Shared Task: Multimodal Machine Translation

This is shared task is aimed at the generation of image descriptions in a target language. The task can be addressed from two different perspectives:

This shared task has the following main goals:

We welcome participants focusing on either or both of these task variants. We would also particularly like to encourage participants to consider the unconstrained data setting for both tasks. Using additional data is more realistic, given the small dataset sizes, but its potential has been previously under-explored.

Important dates

Release of training data February 8, 2017
Release of test data April 10 2017
Results submission deadline May 12 2017
Paper submission deadlineJune 9 2017
Notification of acceptanceJune 30 2017
Camera-ready deadlineJuly 14 2017

Download the gold translations for task 1.

Task 1: Multimodal Machine Translation

This task consists in translating English sentences that describe an image into German and/or French, given the English sentence itself and the image that it describes (or features from this image, if participants chose to). For this task, the Flickr30K Entities dataset was extended in the following way: for each image, one of the English descriptions was selected and manually translated into German and French by human translators. For English-German, translations were produced by professional translators, who were given the source segment only (training set) or the source segment and image (validation and test sets). For English-French, translations were produced via crowd-sourcing where translators had access to source segment, the image and an automatic translation created with a standard phrase-based system (Moses baseline system built using the WMT'15 constrained translation task data) as a suggestion to make translation easier (note that this was not a post-editing task: although translators could copy and paste the suggested translation to edit, we found that they did not do so in the vast majority of cases).

As training and development data, we provide 29,000, and 1,014 triples respectively, each containing an English source sentence, its German and French human translations and corresponding image. We also provide the 2016 test set, which people can use for validation/evaluation.
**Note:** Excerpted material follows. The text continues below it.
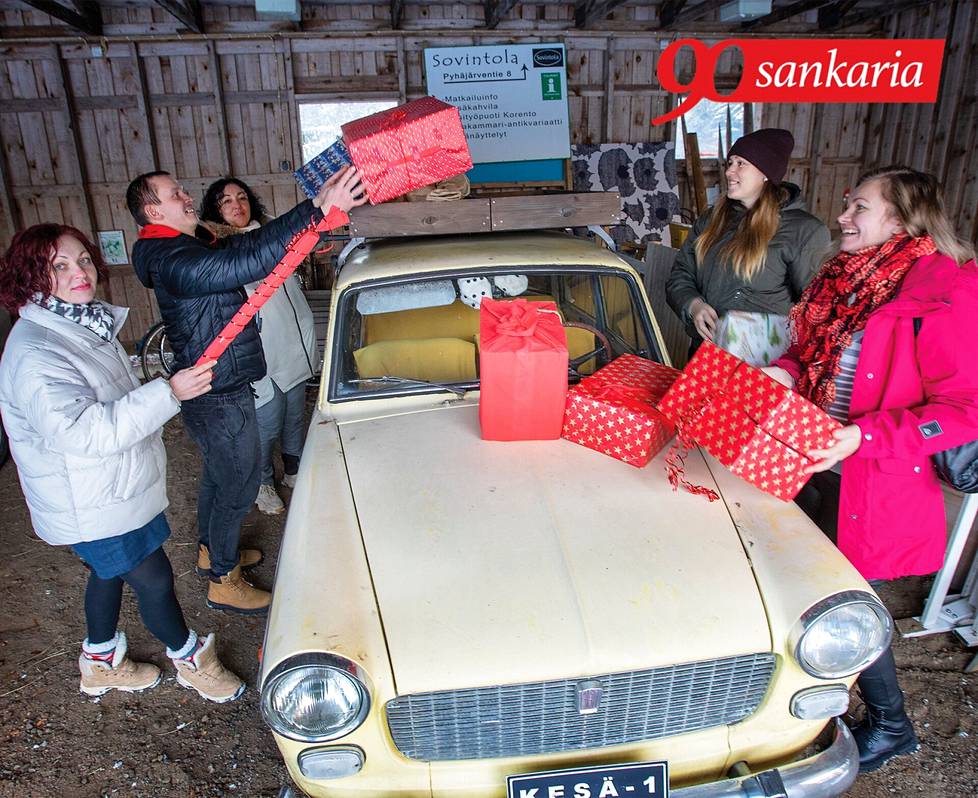 Ukrainalaiset valmistavat Sovintolan pihan koristelua, johon kuuluu muun muassa auton katon kattaminen joululahjoilla sekä valoilla. Kuvassa Iryna Saporozhets (vas.) Nikolay Shamayev, Ludmila Zaporozhets, Nataliia Fursiak ja Irina Moskalvik.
The English-German datasets are the same as those in 2016, but we note that human translations in the 2016 validation and test datasets have been post-edited (by humans) using the images to make sure the target descriptions are faithful to these images. There were cases where in the 2016 the source text was ambiguous and the image was used to solve the ambiguities. The French translations were added in 2017.
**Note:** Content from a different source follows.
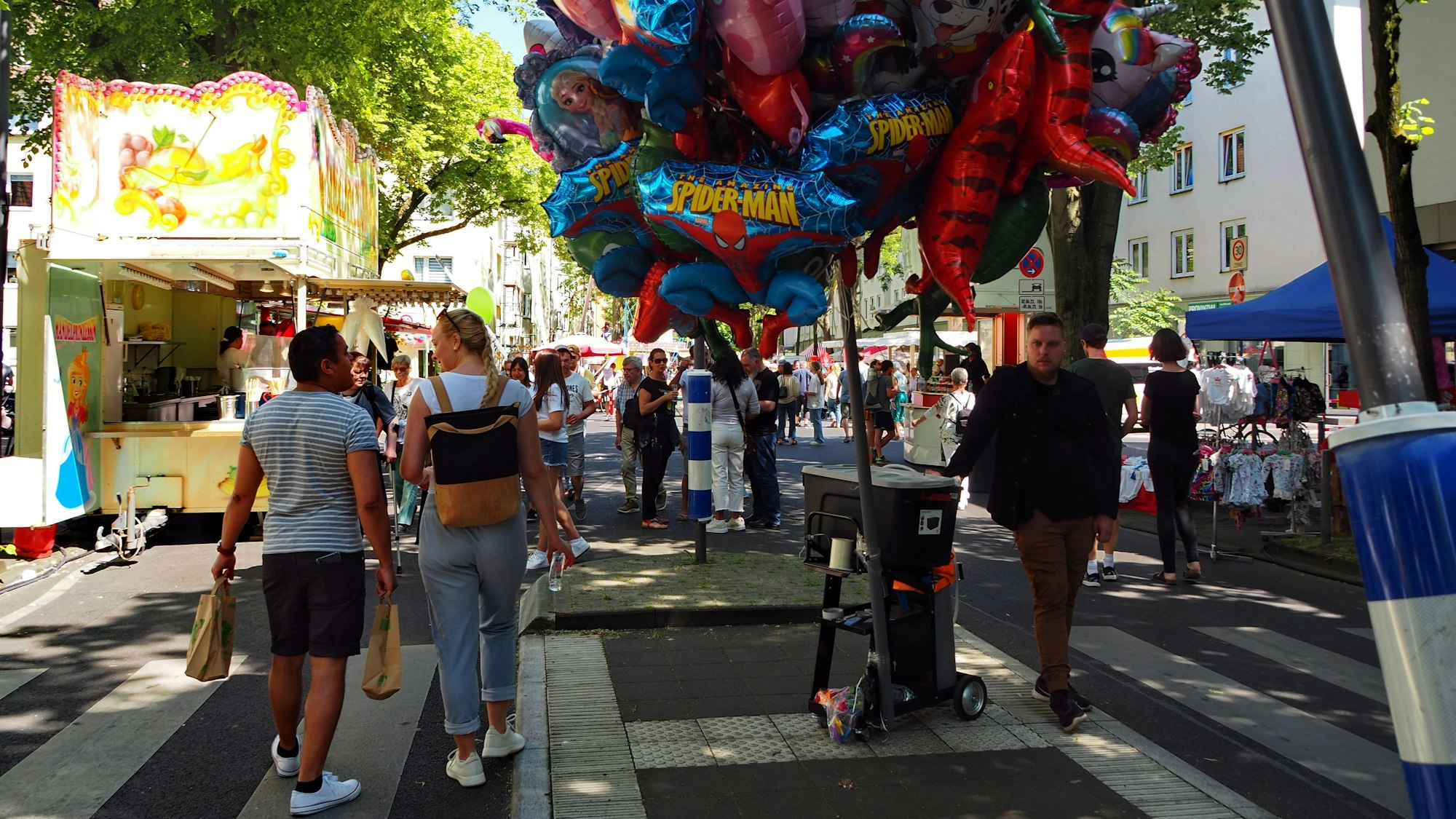 Menschen feiern ausgelassen auf einem Straßenfest.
As test data, we provide a new set of 1,000 tuples containing an English description and its corresponding image. Gold labels will be translations in German or French.

Evaluation will be performed against the German or French human translations of the test set using standard MT evaluation metrics, with METEOR (multeval implementation, but with METEOR 1.5) as the primary metric. The submissions and reference translations will be pre-processed to lowercase, normalise punctuation and tokenise the sentences. Each language will be evaluated independently.

The baselines for this task will be neural MT systems trained using only the textual training data provided and the Nematus tool (details later).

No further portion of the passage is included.